[ python-Bugs-1646068 ] Dict lookups fail if sizeof(Py_ssize_t) < sizeof(long)

2007-02-04 Thread SourceForge.net
Bugs item #1646068, was opened at 2007-01-27 18:23
Message generated for change (Comment added) made by ked-tao
You can respond by visiting: 
https://sourceforge.net/tracker/?func=detail&atid=105470&aid=1646068&group_id=5470

Please note that this message will contain a full copy of the comment thread,
including the initial issue submission, for this request,
not just the latest update.
Category: Python Interpreter Core
Group: Python 2.5
Status: Open
Resolution: None
Priority: 6
Private: No
Submitted By: ked-tao (ked-tao)
Assigned to: Tim Peters (tim_one)
Summary: Dict lookups fail if sizeof(Py_ssize_t) < sizeof(long)

Initial Comment:
Portation problem.

Include/dictobject.h defines PyDictEntry.me_hash as a Py_ssize_t. Everywhere 
else uses a C 'long' for hashes.

On the system I'm porting to, ints and pointers (and ssize_t) are 32-bit, but 
longs and long longs are 64-bit. Therefore, the assignments to me_hash truncate 
the hash and subsequent lookups fail.

I've changed the definition of me_hash to 'long' and (in Objects/dictobject.c) 
removed the casting from the various assignments and changed the definition of 
'i' in dict_popitem(). This has fixed my immediate problems, but I guess I've 
just reintroduced whatever problem it got changed for. The comment in the 
header says:

/* Cached hash code of me_key.  Note that hash codes are C longs.
 * We have to use Py_ssize_t instead because dict_popitem() abuses
 * me_hash to hold a search finger.
 */

... but that doesn't really explain what it is about dict_popitem() that 
requires the different type.

Thanks. Kev.

--

>Comment By: ked-tao (ked-tao)
Date: 2007-02-04 14:11

Message:
Logged In: YES 
user_id=1703158
Originator: YES

Hi Jim. I understand what the problem is (perhaps I didn't state it
clearly enough) - me_hash is a cache of the dict item's hash which is
compared against the hash of the object being looked up before going any
further with expensive richer comparisons. On my system, me_hash is a
32-bit quantity but hashes in general are declared 'long' which is a
64-bit quantity. Therefore for any object whose hash has any of the top 32
bits set, a dict lookup will fail as it will never get past that first
check (regardless of why that slot is being checked - it has nothing to do
with the perturbation to find the next slot).

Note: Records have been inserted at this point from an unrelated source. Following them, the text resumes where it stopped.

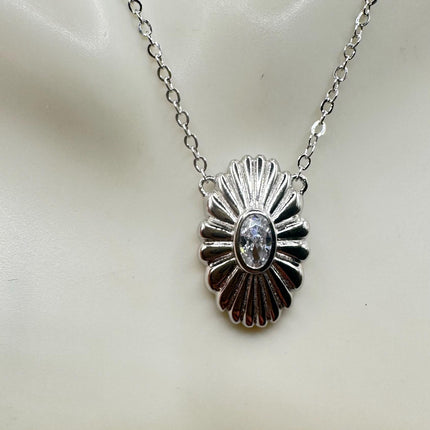 Vintage Silver Minimal Pendant | Cubic Zirconia Deco circle Choker 925 Sterling Silver Necklace Simple every day layered stacked chain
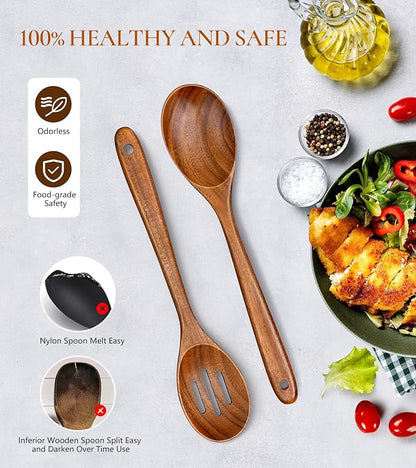 2Pcs Wooden Spoons for Cooking, Natural Premium Teak Wooden Spoon & Slotted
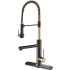 Kraus Artec Pro Series KPF1603SBBGDP03SB - Artec Pro™ 2-Function Commercial Style Pre-Rinse Kitchen Faucet with Pull-Down Spring Spout and Pot Filler in Black Stainless Steel/Brushed Gold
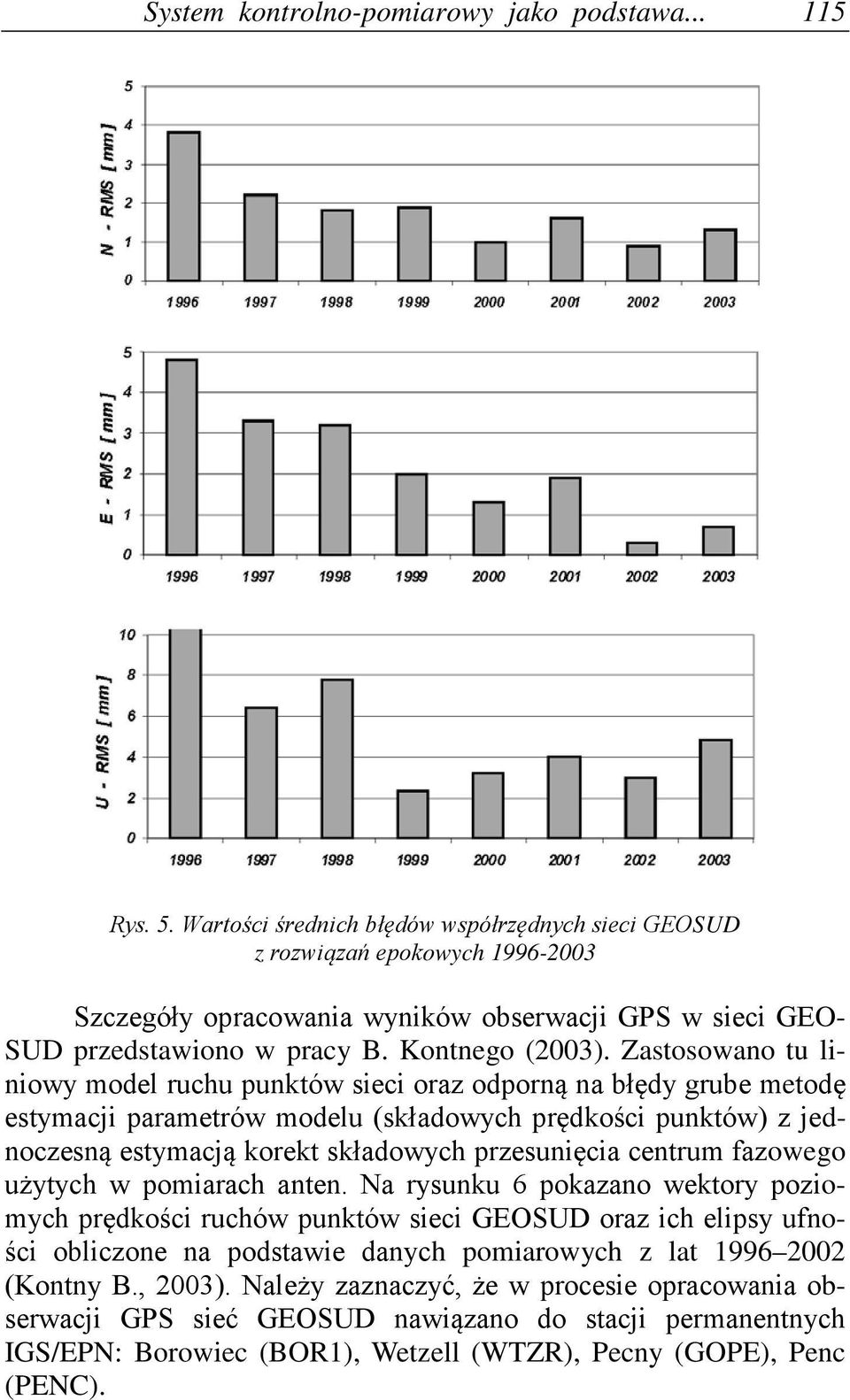 Zastosowano tu liniowy model ruchu punktów sieci oraz odporną na błędy grube metodę estymacji parametrów modelu (składowych prędkości punktów) z jednoczesną estymacją korekt składowych przesunięcia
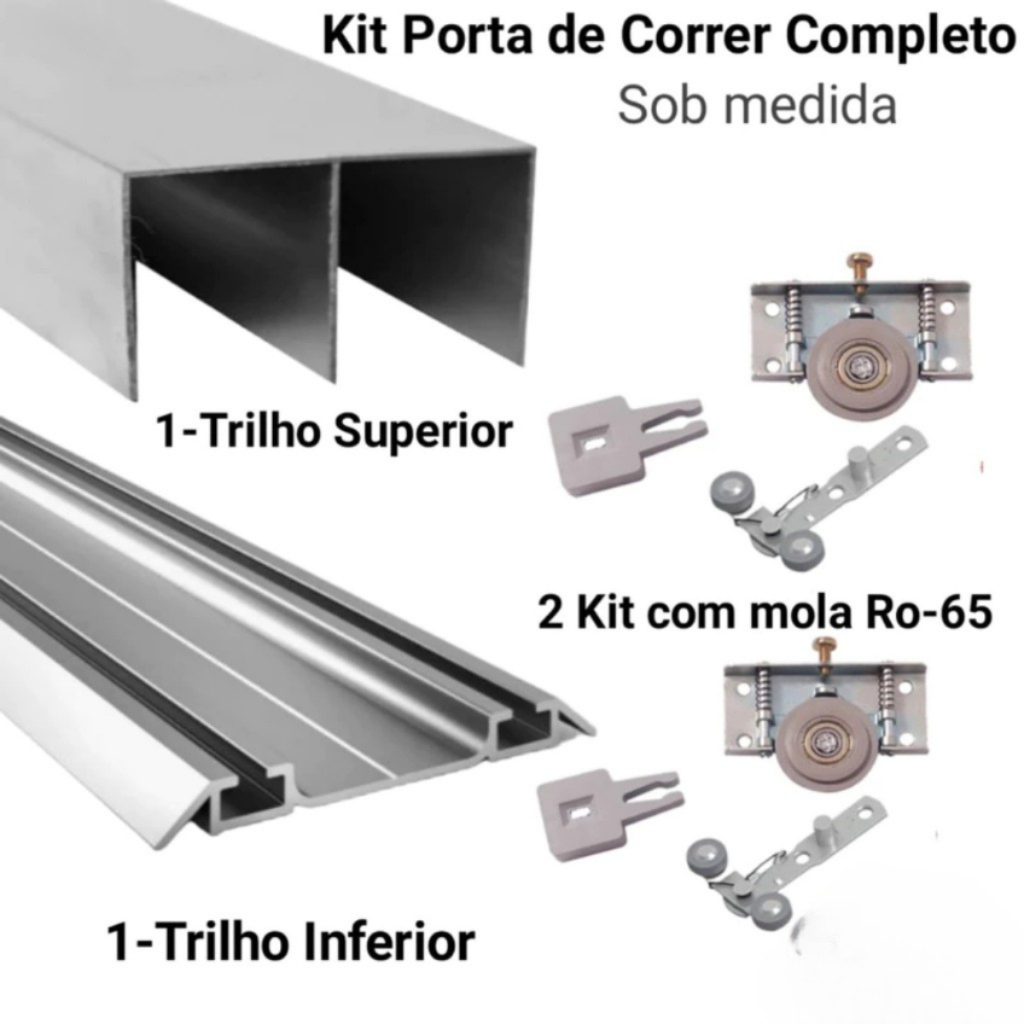 Kit Trilho Superior e Inferior com Roldanas para Porta de Correr de ...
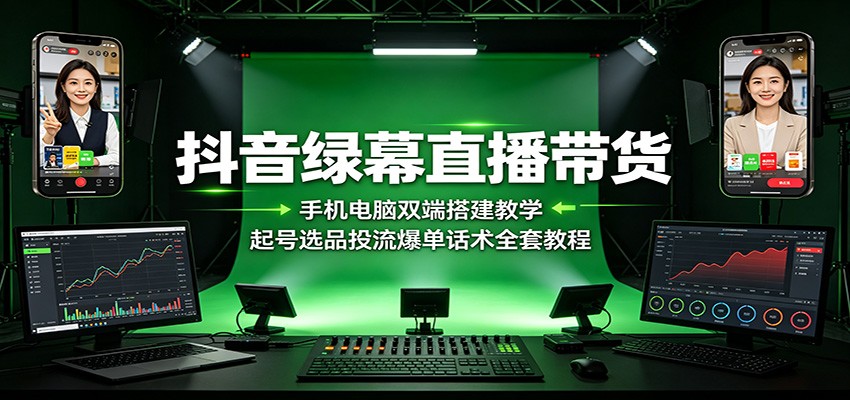 抖音绿幕直播带货：手机电脑双端搭建教学，起号选品投流爆单话术全套教程-创业网 - 最新网络创业项目与实战营销教程平台 | cye.cc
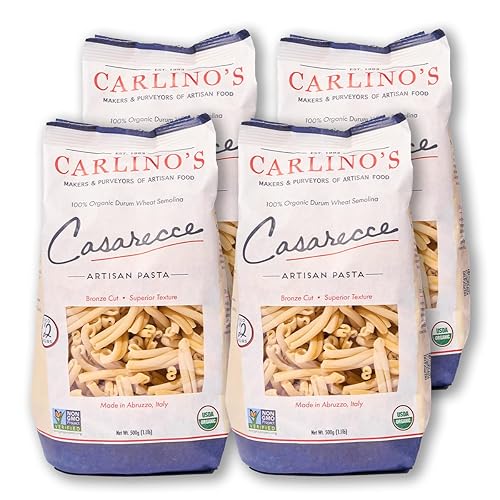 Carlino's Dried Casarecce| Organic Durum Wheat Semolina | Bronze Die Cut | Air Dried | Non-GMO, USDA Organic, Made in Italy, 17.6 Oz (Pack of 4)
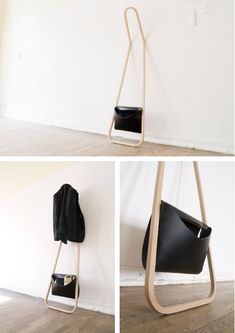 four different angles of a hanging chair and coat rack in various stages of installation, including the hanger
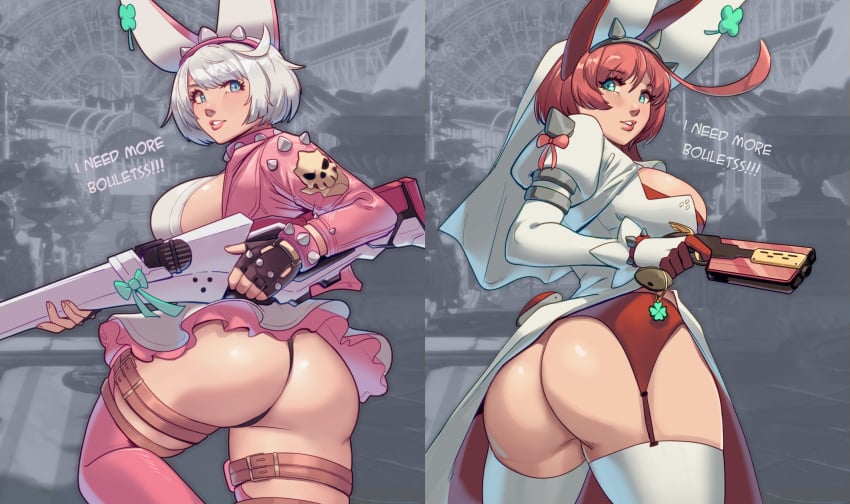 1girls ass ass_focus big_ass big_breasts blaster blue_eyes cute dat_ass elphelt_valentine fat_ass guilty_gear guilty_gear_strive guilty_gear_xrd gun i_need_more_bullets large_ass light-skinned_female light_skin lipstick meme pale-skinned_female pale_skin pawg pink_hair revealing_clothes skullworms solo solo_female solo_focus thick_thighs tiny_waist wedding_dress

The deal is that my system is basically a 32-bit system (sizeof(int) ==
sizeof(void *) == 4, and therefore ssize_t is not unreasonably also
32-bit), but C longs are 64-bit.

You say "popitem assumes it can store a pointer there", but AFAICS it's
just storing an _index_, not a pointer. I was concerned that making that
index a 64-bit quantity might tickle some subtlety in the code, thinking
that perhaps it was changed from 'long' to 'Py_ssize_t' because it had to
be 32-bit for some reason. However, it seems much more likely that it was
defined like that to be more correct on a system with 64-bit addressing
and 32-bit longs (which would be more common). With that in mind, I've
attached a suggested patch which selects a reasonable type according to
the SIZEOF_ configuration defines.

WRT forcing the hashes 32-bit to "save space and time" - that means
inventing a 'Py_hash_t' type and going through the entire python source
looking for 'long's that might be used to store/calculate hashes. I think
I'll pass on that ;)

Regards, Kev.
File Added: dict.diff

--

Comment By: Jim Jewett (jimjjewett)
Date: 2007-02-02 20:20

Message:
Logged In: YES 
user_id=764593
Originator: NO

The whole point of a hash is that if it doesn't match, you can skip an
expensive comparison.  How big to make the hash is a tradeoff between how
much you'll waste calculating and storing it vs how often it will save a
"real" comparison.

The comment means that, as an implementation detail, popitem assumes it
can store a pointer there instead, so hashes need to be at least as big as
a pointer.  

Going to the larger of the two sizes will certainly solve your problem; it
just wastes some space, and maybe some time calculating the hash.  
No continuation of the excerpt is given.